Public discussion about sensitive social and political issues is not common in DW's broadcasting regions in the Arab world. DW's Arabic-language programming reaches millions of people from Morocco to Oman.
Jaafar, you were born in Liberia and grew up in different countries. How has this influenced you?
I have above all learned to respect people for what they are – people. My experiences have also helped me to live in different countries without much difficultly.
Why do you believe so strongly in the younger generation in Egypt and other Arab countries?
Because I have seen their strong will, their great potential and their many talents. Young people want to live in freedom and dignity. Corruption, for example, is unacceptable to them. This generation will be ruling the Arab world in the foreseeable future, but no one gives them the proper recognition. Those in power are too concerned with their own interests.
What role can Shababtalk play with young Arab audiences?
We offer them a forum where they can freely and critically express their opinions. That is especially important for DW, and also for me personally. At the same time, our show is a platform for dialogue, as we consistently bring together young people from the Arab world and Germany. It is crucial to provide an equal footing for dialogue.
Are their any topics considered taboo on your show?

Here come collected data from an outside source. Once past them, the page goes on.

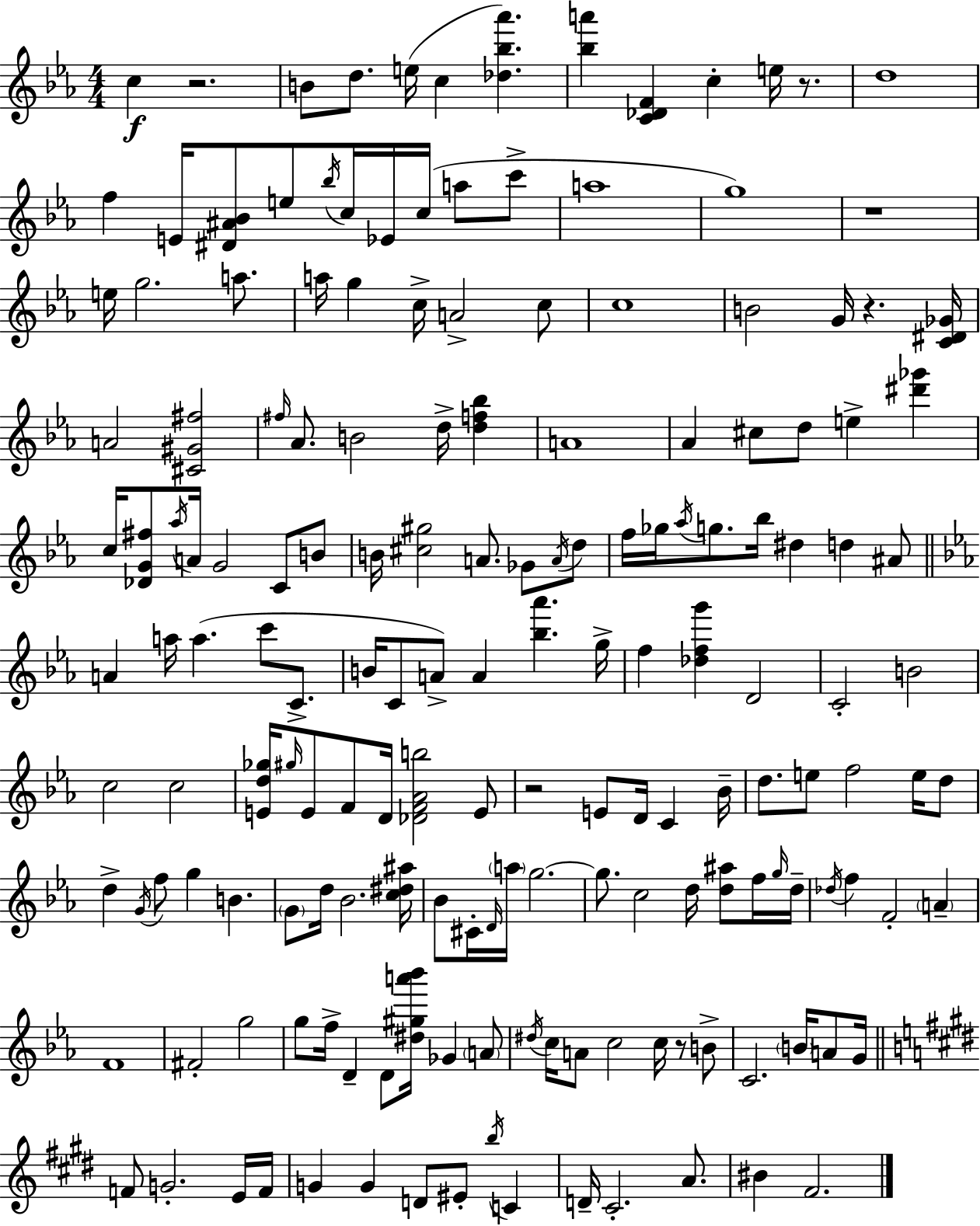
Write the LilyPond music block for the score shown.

{
  \clef treble
  \numericTimeSignature
  \time 4/4
  \key ees \major
  c''4\f r2. | b'8 d''8. e''16( c''4 <des'' bes'' aes'''>4.) | <bes'' a'''>4 <c' des' f'>4 c''4-. e''16 r8. | d''1 | \break f''4 e'16 <dis' ais' bes'>8 e''8 \acciaccatura { bes''16 } c''16 ees'16 c''16( a''8 c'''8-> | a''1 | g''1) | r1 | \break e''16 g''2. a''8. | a''16 g''4 c''16-> a'2-> c''8 | c''1 | b'2 g'16 r4. | \break <c' dis' ges'>16 a'2 <cis' gis' fis''>2 | \grace { fis''16 } aes'8. b'2 d''16-> <d'' f'' bes''>4 | a'1 | aes'4 cis''8 d''8 e''4-> <dis''' ges'''>4 | \break c''16 <des' g' fis''>8 \acciaccatura { aes''16 } a'16 g'2 c'8 | b'8 b'16 <cis'' gis''>2 a'8. ges'8 | \acciaccatura { a'16 } d''8 f''16 ges''16 \acciaccatura { aes''16 } g''8. bes''16 dis''4 d''4 | ais'8 \bar "||" \break \key ees \major a'4 a''16 a''4.( c'''8 c'8.-> | b'16 c'8 a'8->) a'4 <bes'' aes'''>4. g''16-> | f''4 <des'' f'' g'''>4 d'2 | c'2-. b'2 | \break c''2 c''2 | <e' d'' ges''>16 \grace { gis''16 } e'8 f'8 d'16 <des' f' aes' b''>2 e'8 | r2 e'8 d'16 c'4 | bes'16-- d''8. e''8 f''2 e''16 d''8 | \break d''4-> \acciaccatura { g'16 } f''8 g''4 b'4. | \parenthesize g'8 d''16 bes'2. | <c'' dis'' ais''>16 bes'8 cis'16-. \grace { d'16 } \parenthesize a''16 g''2.~~ | g''8. c''2 d''16 <d'' ais''>8 | \break f''16 \grace { g''16 } d''16-- \acciaccatura { des''16 } f''4 f'2-. | \parenthesize a'4-- f'1 | fis'2-. g''2 | g''8 f''16-> d'4-- d'8 <dis'' gis'' a''' bes'''>16 ges'4 | \break \parenthesize a'8 \acciaccatura { dis''16 } c''16 a'8 c''2 | c''16 r8 b'8-> c'2. | \parenthesize b'16 a'8 g'16 \bar "||" \break \key e \major f'8 g'2.-. e'16 f'16 | g'4 g'4 d'8 eis'8-. \acciaccatura { b''16 } c'4 | d'16-- cis'2.-. a'8. | bis'4 fis'2. | \break \bar "|."
}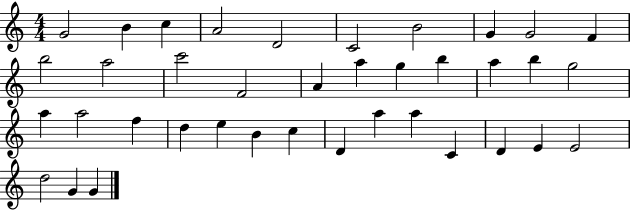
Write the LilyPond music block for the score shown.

{
  \clef treble
  \numericTimeSignature
  \time 4/4
  \key c \major
  g'2 b'4 c''4 | a'2 d'2 | c'2 b'2 | g'4 g'2 f'4 | \break b''2 a''2 | c'''2 f'2 | a'4 a''4 g''4 b''4 | a''4 b''4 g''2 | \break a''4 a''2 f''4 | d''4 e''4 b'4 c''4 | d'4 a''4 a''4 c'4 | d'4 e'4 e'2 | \break d''2 g'4 g'4 | \bar "|."
}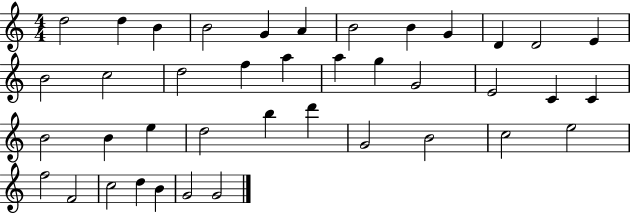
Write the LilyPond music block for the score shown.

{
  \clef treble
  \numericTimeSignature
  \time 4/4
  \key c \major
  d''2 d''4 b'4 | b'2 g'4 a'4 | b'2 b'4 g'4 | d'4 d'2 e'4 | \break b'2 c''2 | d''2 f''4 a''4 | a''4 g''4 g'2 | e'2 c'4 c'4 | \break b'2 b'4 e''4 | d''2 b''4 d'''4 | g'2 b'2 | c''2 e''2 | \break f''2 f'2 | c''2 d''4 b'4 | g'2 g'2 | \bar "|."
}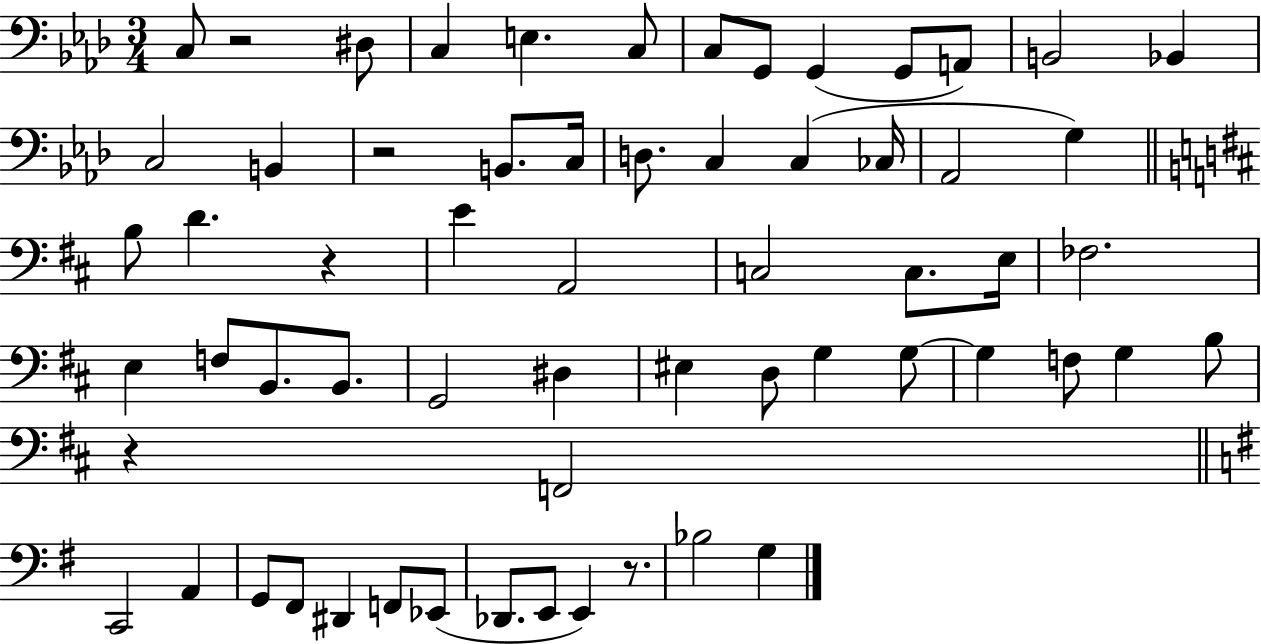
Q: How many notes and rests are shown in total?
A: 62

No. When we choose topics for Shababtalk, we don't recognize "taboos" or "prohibitions". This is one of the format's strengths, which also adds greatly to the credibility of DW in the Arab world. Viewers are thankful that we openly, but sensitively, discuss subjects that are taboo in their regions. We talk about the role of women, the influence of religion and also about homosexuality. The opinion of the host is, by the way, not important. Instead, we provide our young guests with room to have a constructive and controversial exchange of ideas.
Is there anything new on Shababtalk?
Yes, we have been developing new content and improving the presentation of the program. Since July 2015 we have been reaching out more to people and looking closer at the issues that matter to them. We are visiting young people in our broadcast regions and are shooting episodes there. We have already been to Baghdad, Tunis, Rabat and Cairo and we are planning for Lebanon, Jordan and Dubai. We work together with production partners on location and they also broadcast Shababtalk. This is how we can focus locally on people and their problems while conveying sensitive topics more authentically.